*** Block opens ***

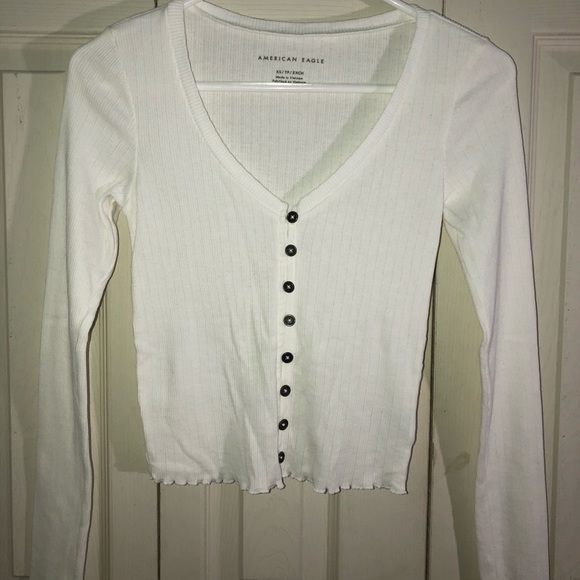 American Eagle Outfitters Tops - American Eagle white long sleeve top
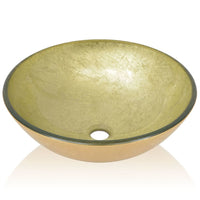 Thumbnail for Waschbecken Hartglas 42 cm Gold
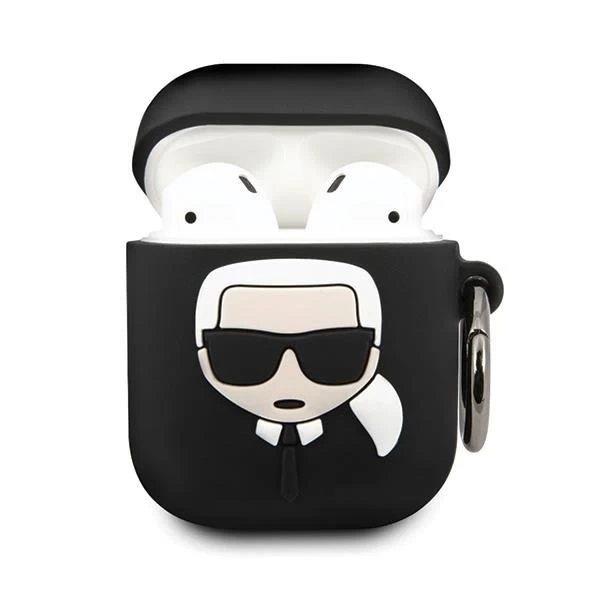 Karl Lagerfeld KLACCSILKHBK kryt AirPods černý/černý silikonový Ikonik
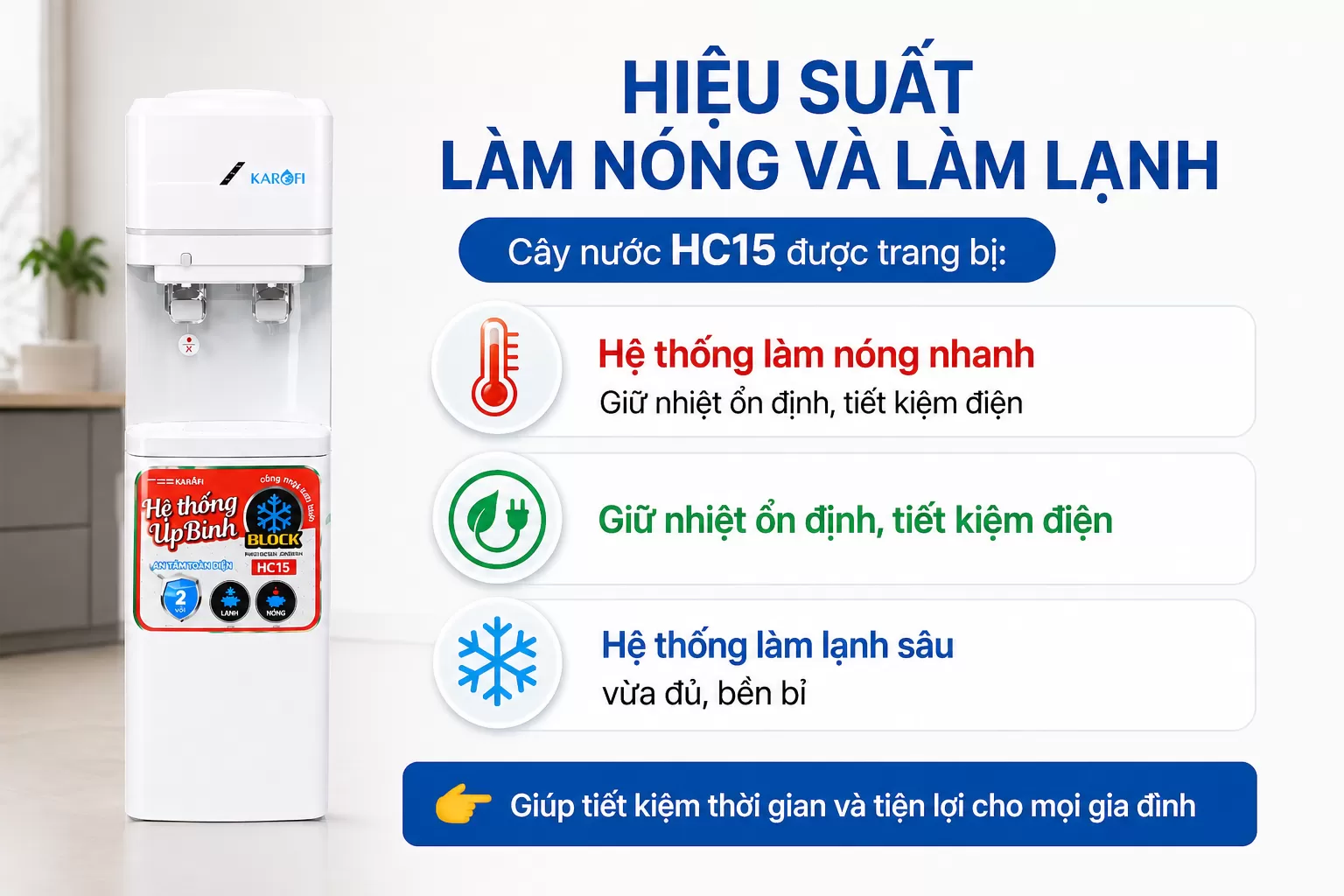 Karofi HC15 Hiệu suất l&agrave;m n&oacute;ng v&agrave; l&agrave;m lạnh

*** Block closes ***
*** Block opens ***

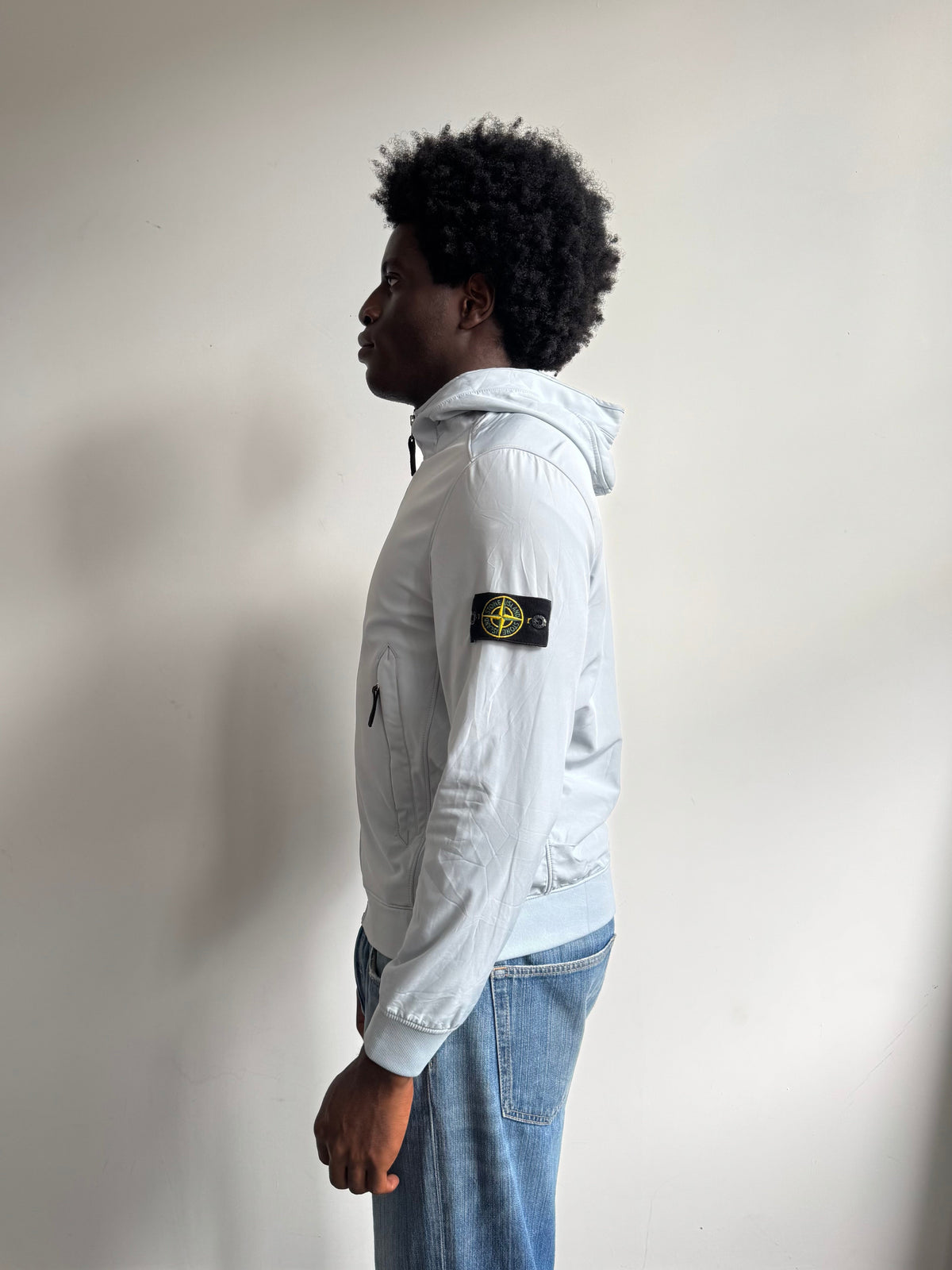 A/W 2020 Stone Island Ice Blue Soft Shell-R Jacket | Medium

*** Block closes ***

## ASSIGNED TASK
An exact transcription is needed of the lines from the one with "Thumbnail for Waschbecken" to the one with "Karofi HC15 Hiệu" above, both ends included, with pictures left out.

## SOLUTION FOR THIS TASK
 Thumbnail for Waschbecken Hartglas 42 cm Gold
 Karl Lagerfeld KLACCSILKHBK kryt AirPods černý/černý silikonový Ikonik
 Karofi HC15 Hiệu suất l&agrave;m n&oacute;ng v&agrave; l&agrave;m lạnh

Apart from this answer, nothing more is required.